▸ ACTIVITY
Return all of the listing word for word; the pictures stay out.
##### DATASET EXTRACT #####
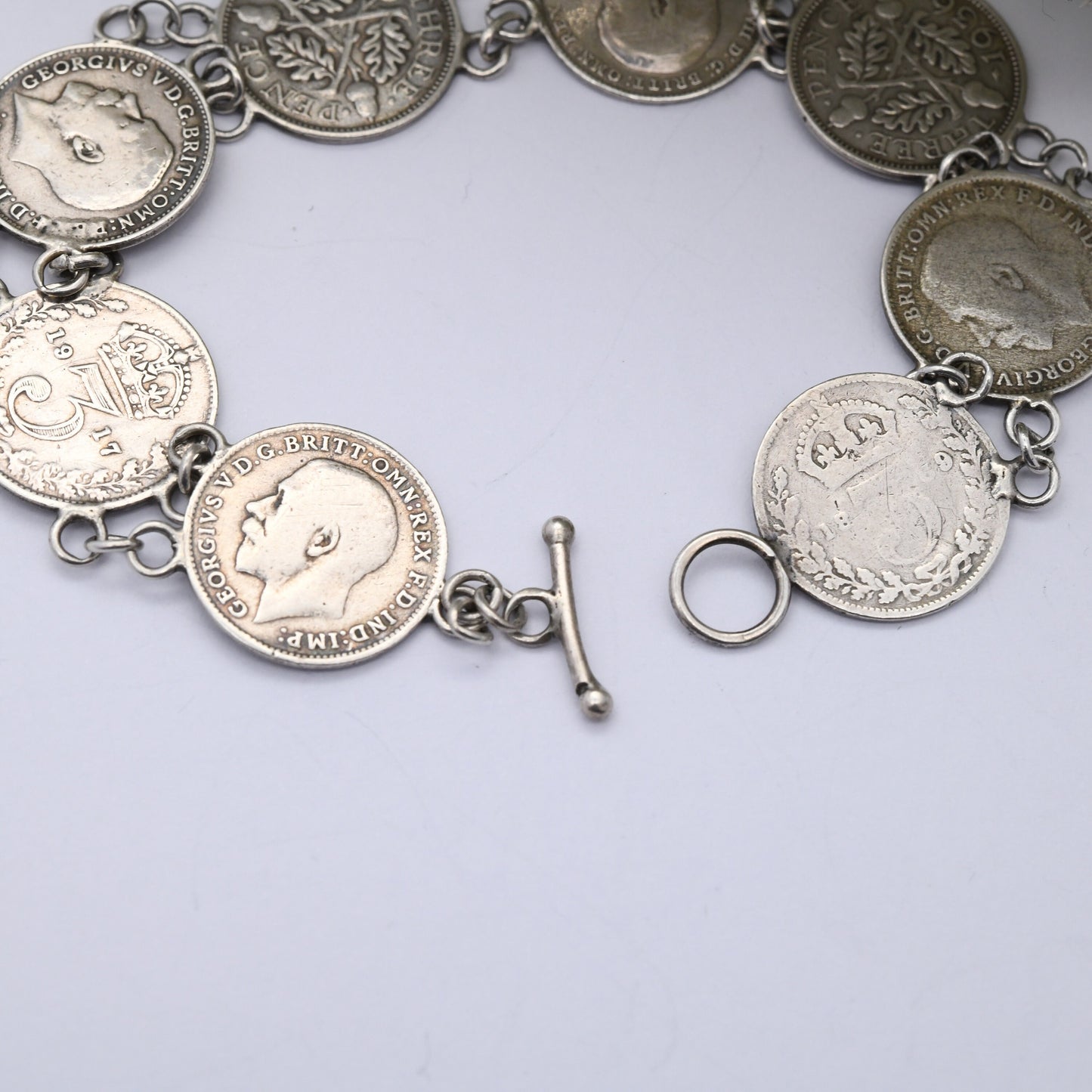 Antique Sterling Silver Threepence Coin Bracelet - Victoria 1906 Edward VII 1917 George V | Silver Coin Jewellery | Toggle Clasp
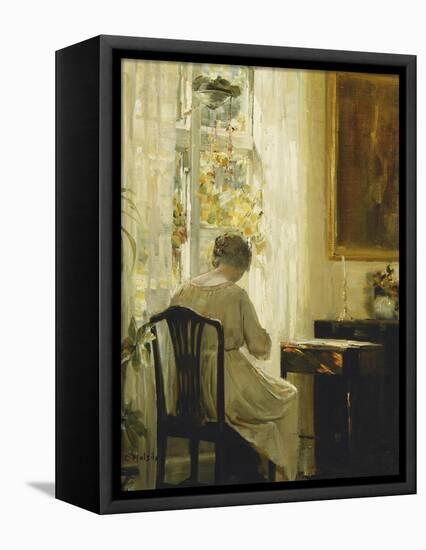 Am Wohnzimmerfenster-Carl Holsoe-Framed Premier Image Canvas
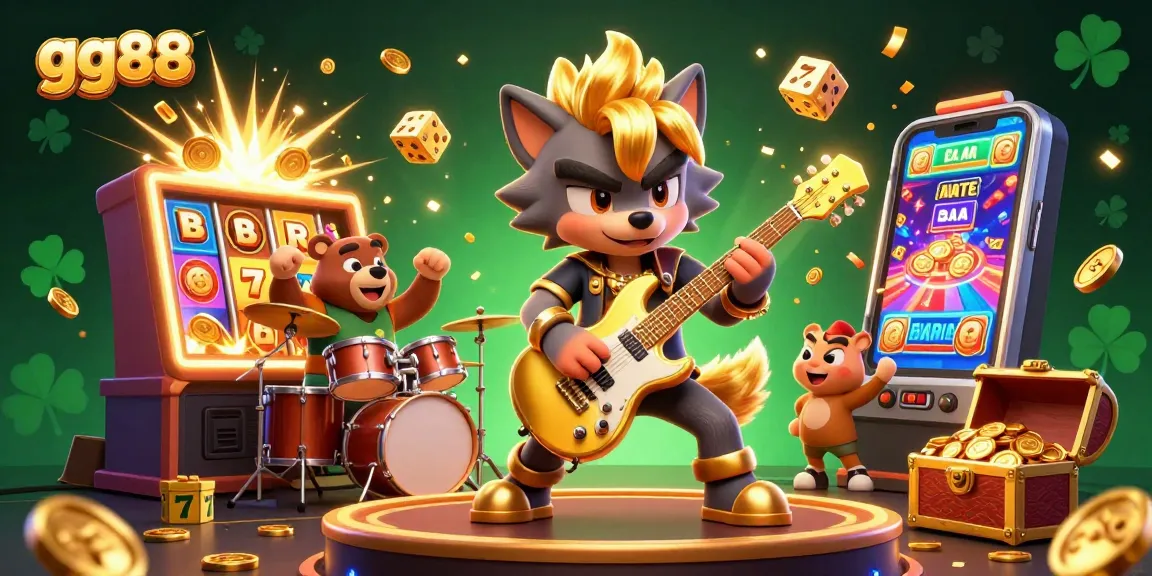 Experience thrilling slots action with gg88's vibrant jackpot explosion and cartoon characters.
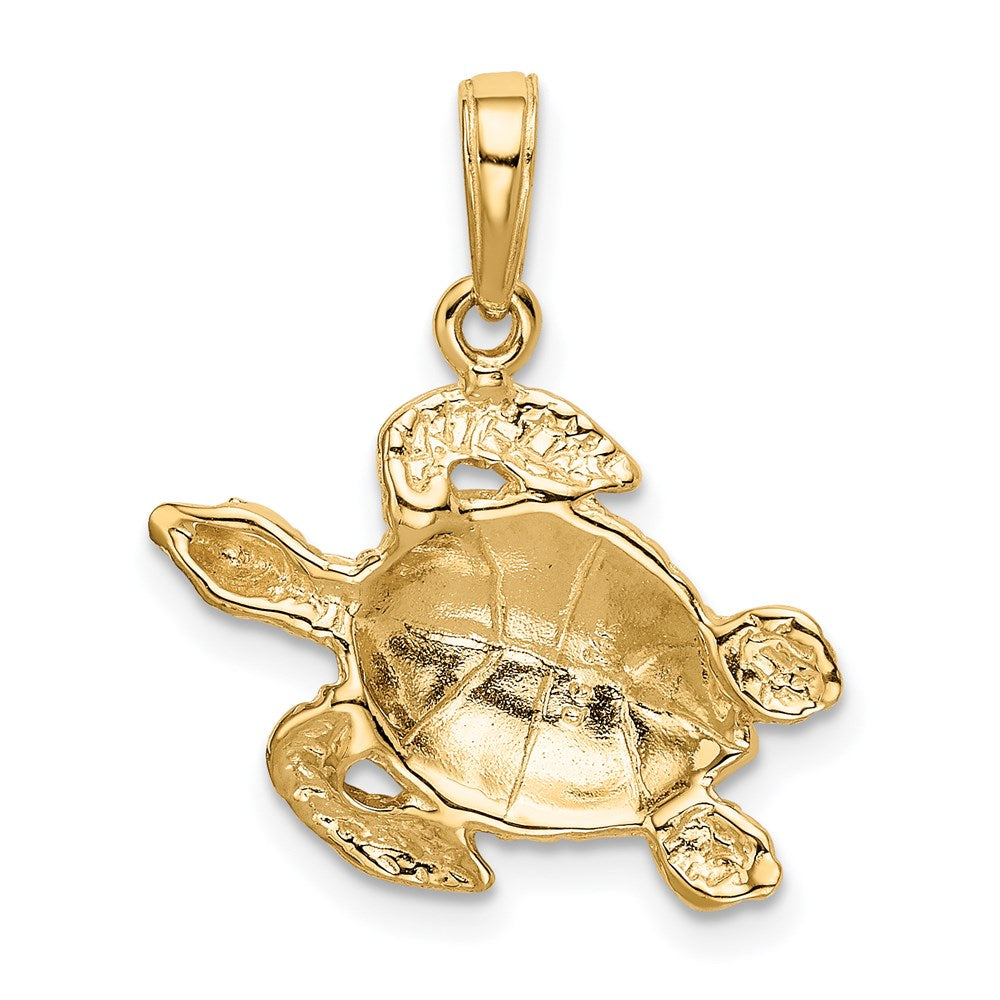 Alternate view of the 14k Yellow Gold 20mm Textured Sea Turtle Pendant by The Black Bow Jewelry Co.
#####
▸ TASK RESPONSE
 Antique Sterling Silver Threepence Coin Bracelet - Victoria 1906 Edward VII 1917 George V | Silver Coin Jewellery | Toggle Clasp
 Am Wohnzimmerfenster-Carl Holsoe-Framed Premier Image Canvas
 Experience thrilling slots action with gg88's vibrant jackpot explosion and cartoon characters.
 Alternate view of the 14k Yellow Gold 20mm Textured Sea Turtle Pendant by The Black Bow Jewelry Co.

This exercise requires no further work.